Thats awesome Chief......you created a lifelong memory by a simple act.....one of the things I really miss about my pap.....brings to mind a story of pap.....he was a heck of a carpenter, and loved to build things.....in his 30's he ended up getting rheumatoid arthritis, and it was really really bad on his joints.....in his 60s he could barely clench his hands, but he still loved to help out....we were building my mini barn and he was here, doing his best, to try and help build that barn even though he could barely hold onto his hammer (he actually had a bunch of foam and duct tape wrapped around that hammer just so he could grip it).....anyway years after the barn was done and he had passed my uncle was telling me about how impressed my pap was with me when I built a jig for my barn trusses....he said pap wouldn't stop braggin me up to him, and on and on.....and I told my uncle that was nothing, I was equally impressed and humbled by how much he did for me all those years, even though he was in so much pain.....my uncle still has that old hammer with the tape and foam on it that pap used, I would probably break down and cry if I saw it.....my pap was my super-hero...I can't wait to see him again.......


----------



## tfdchief (Nov 30, 2011)

Scotty Overkill said:
			
		

> tfdchief said:
> 
> 
> 
> ...


What a wonderful story........only problem is, you made me cry.  My wife has RA, so I know exactly what he went through.  He had character, and he obviously gave it to you!


----------



## ScotO (Dec 2, 2011)

tfdchief said:
			
		

> What a wonderful story........only problem is, you made me cry.  My wife has RA, so I know exactly what he went through.  He had character, and he obviously gave it to you!
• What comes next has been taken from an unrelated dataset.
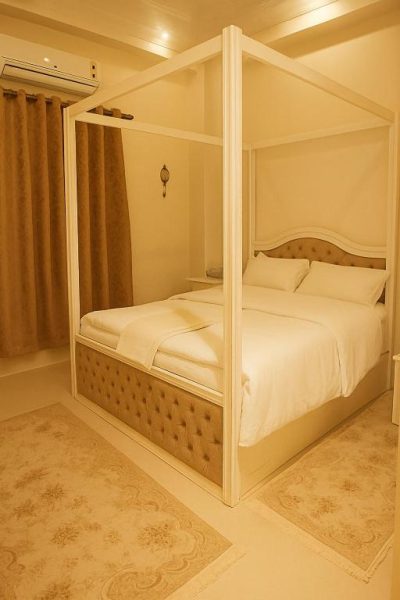 Habitación de lujo con cama de dosel blanca y tapizado capitoné en Hotel Laguna King Care & Comfort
It makes me cry thinking about pap, too....and thanks for the compliment, that means a lot to me....from reading a lot of your posts you too are a great guy Chief...and I am sure you are passing those traits along as well.....


----------



## tfdchief (Dec 2, 2011)

Scotty Overkill said:
			
		

> tfdchief said:
> 
> 
> 
> ...


Thanks Scotty.  I sure hope so.  I didn't have that relationship with my Dad, and if it left me with an impression, it was that I was going change that with my sons.  I think I have and it feels real good.


----------



## ScotO (Dec 2, 2011)

tfdchief said:
			
		

> Scotty Overkill said:
> 
> 
> 
> ...


Well God Bless ya Chief, it's awesome that you broke that chain and I am sure your sons and grandsons are very proud of ya.....shows you are a man that can rise to the occasion.....that alone shows you are a stone pillar in your family....


----------